**Exercise**: The stretch wanted below opens at the line containing "Дамски слънчеви очила" and closes at the line containing "images 16 of". Please return it exactly, with no other lines.

**Exercise material**:
== Segment start ==

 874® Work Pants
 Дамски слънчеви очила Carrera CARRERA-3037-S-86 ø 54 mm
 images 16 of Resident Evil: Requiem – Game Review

== Segment end ==
== Segment start ==

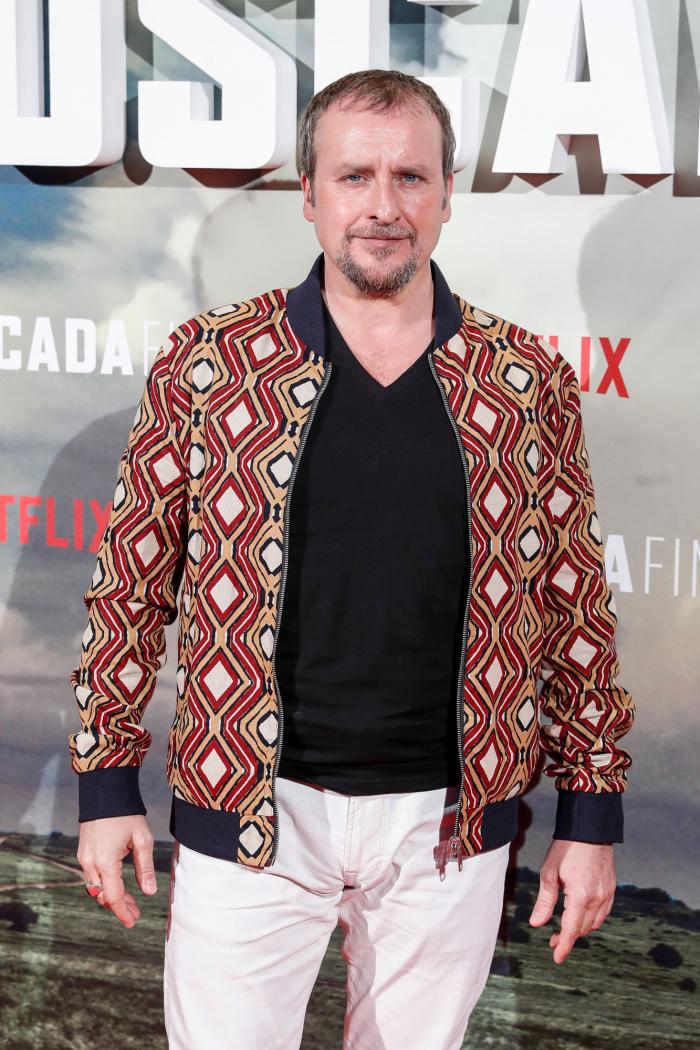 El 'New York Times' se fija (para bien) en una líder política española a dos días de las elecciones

== Segment end ==

**Your response**:
 Дамски слънчеви очила Carrera CARRERA-3037-S-86 ø 54 mm
 images 16 of Resident Evil: Requiem – Game Review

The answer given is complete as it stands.